Tim Hanlon
This past spring, when the State of Oregon deemed that 3,000 marriage licenses handed out to same-sex couples were invalid, 11 of those couples sued. Immediately, the American Civil Liberties Union jumped into the legal fray and proudly carried the banner for same-sex couples, saying that the equal protection clause in the state's constitution guarantees the same rights to them as it does to heterosexual married couples.

In April, that legal tango took a step forward when a Multnomah Circuit Court judge said that, yes, same-sex couples should enjoy equal benefits--or, at worst, the privileges of civil unions. That final decision was left up to the Oregon Supreme Court, a decision that was set for arguments earlier this month but was delayed after Measure 36 passed and triggered a seismic upheaval in the state's legal landscape. The Supreme Court postponed legal arguments until mid-December.

Still, it seemed as if civil rights attorneys were steadfast in their pursuit of equal and full rights for same-sex couples. That is, until last week.

In a move that may catch many gay and lesbian rights supporters off-guard, the ACLU and Basic Rights Oregon (BRO) have switched their legal strategy. Last week, attorneys said they will back away from their all-or-nothing argument, and are just hoping to salvage a compromise position on civil unions.

In no uncertain terms, that announcement signals an acceptance of defeat on the marriage issue for same-sex couples.

In the wake of the passage of Measure 36, ACLU and BRO will instead argue that the state is still constitutionally obligated to provide the benefits and privileges of marriage to same-sex couples--but without the word "marriage." In other words, they'll ask the Supreme Court to legalize civil unions for same-sex couples.

It's a shocking move because, during the campaign to defeat Measure 36, both the ACLU and BRO staunchly opposed a civil union alternative.
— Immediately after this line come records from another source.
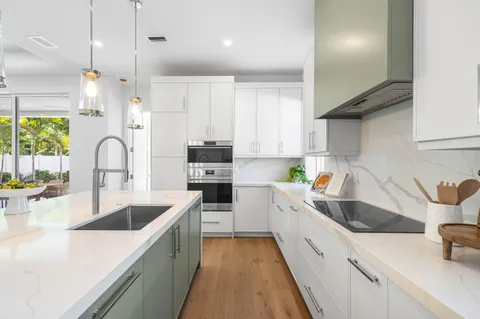 $2,399,000 | 234 Northeast 12th Street, Delray Beach, FL 33444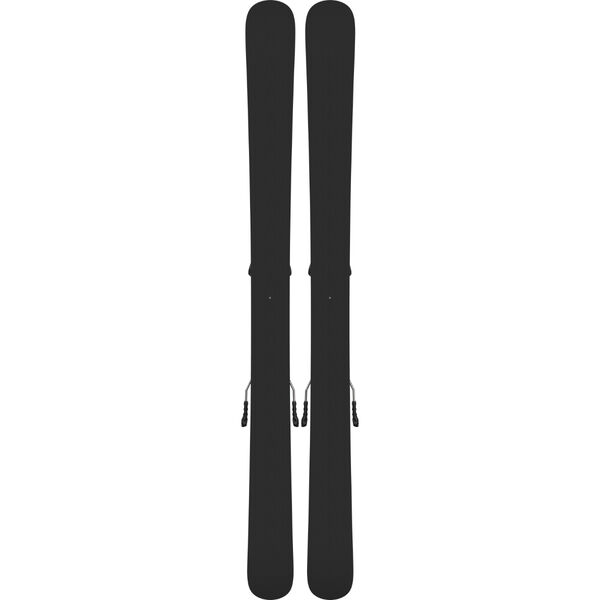 Atomic Bent Chetler Jr 150 Skis + L6 GW Bindings Kids
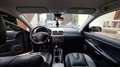 Mazda 3 3 2.0 Sport Active Negro - thumbnail 13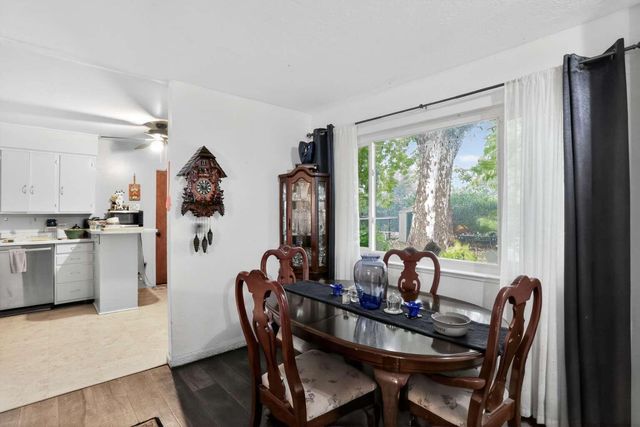 7408 Bridge Lane, Redding, CA 96002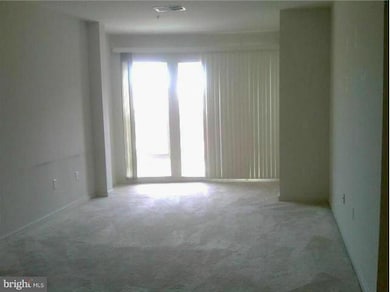 8045 Newell St unit 404, Silver Spring, MD 20910 - photo 6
In fact, BRO's website still characterizes civil unions as unacceptable since they are unequal to marriage by definition.
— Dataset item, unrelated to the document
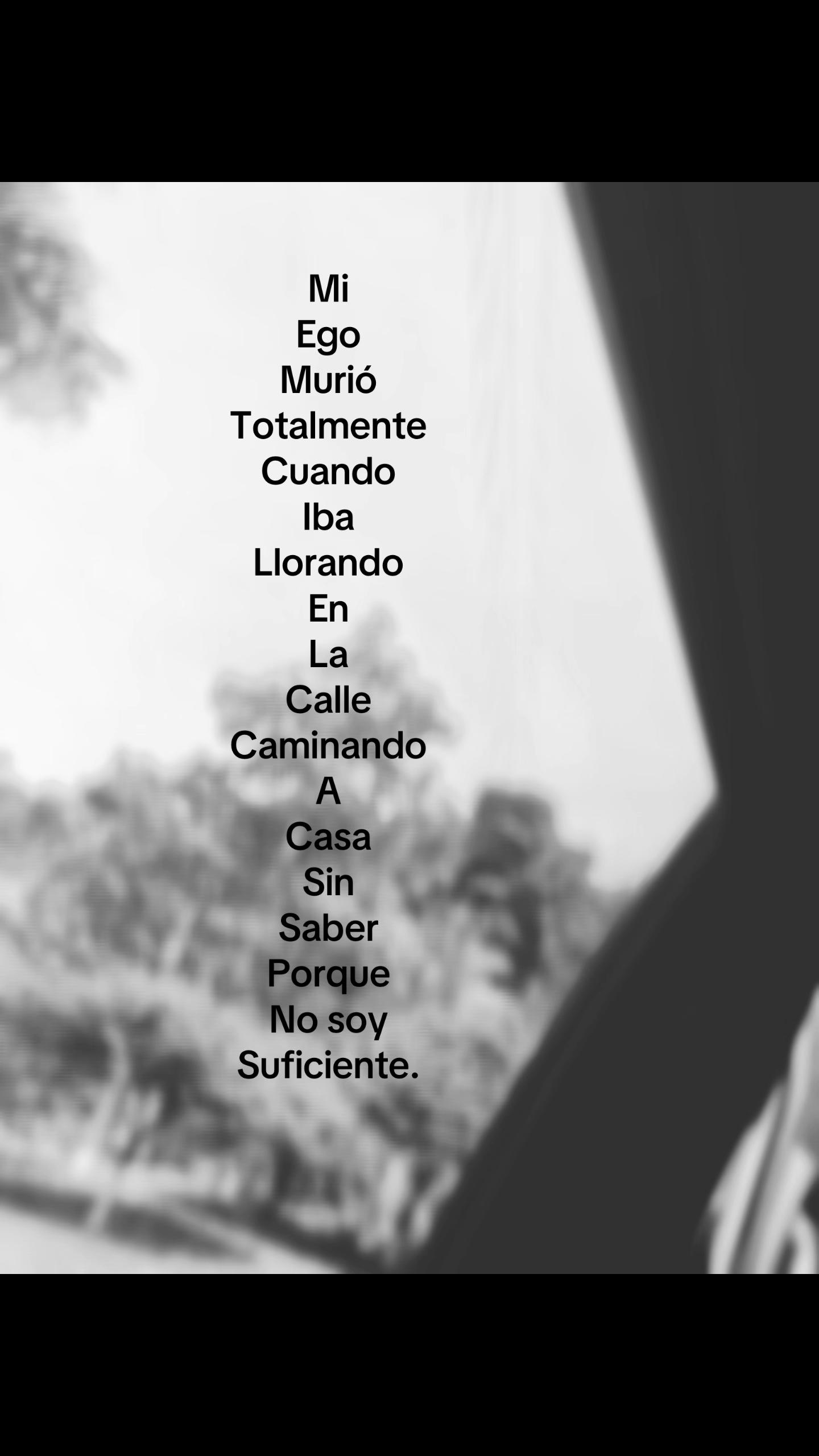 @🥀vane🪫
But ACLU Oregon Executive Director David Fidanque asserts that the new strategy is not admitting defeat.

"Our primary focus has shifted for a short time away from marriage equality to ensuring that equal benefits are provided to same-sex couples," Fidanque said.

While it may appear that the ACLU is settling for "separate but equal" status, constitutional attorney Charles Hinkle said the plaintiffs simply did not have any other option. (Hinkle served as legal counsel for Multnomah County's decision to issue same-sex marriage licenses.) By passing 36, explained Hinkle, Oregon voted to strip gay couples of their constitutional right of access to marriage equality.

"Once the constitution has been amended to change the basis of your argument," Hinkle said, "you can no longer make that argument."

Further, Hinkle explained, the only feasible way to challenge the legality of the amendment (brought about by Measure 36) is by either arguing that its ratification was procedurally unsound (which is unlikely in this case) or by arguing that it violates the Equal Protection clause of the US Constitution.

But Fidanque said the ACLU will not present any challenges to the amendment during the upcoming December 15th Supreme Court hearing. Those arguments will be reserved for a possible, future lawsuit. Fidanque said they want to wait until after the court shows its hand by ruling on the current case.

In addition to deciding whether the state is obligated to provide the same benefits of marriage to gay couples, the Supreme Court also must rule on the legality of the 3,000 marriage licenses granted in March by Multnomah County. The ACLU will argue that the marriage statute was unconstitutional at the time and, therefore, the same-sex licenses were constitutionally legal. Further, the attorneys maintain that Measure 36 has no impact on those marriages, since they were granted nine months before the amendment took effect.

On the flip side, the Defense of Marriage Coalition will argue that the passage of 36 makes the entire case moot--including the status of the 3,000 marriages, which they have deemed invalid all along. DOMC will also argue against the push for civil unions.

"The problem is," DOMC attorney Kelly Clark said, "the plaintiffs never asked for civil unions; they asked for marriage. They can't change course two-thirds of the way through the case."

Clark did concede, "But they might be able to make that argument in another case."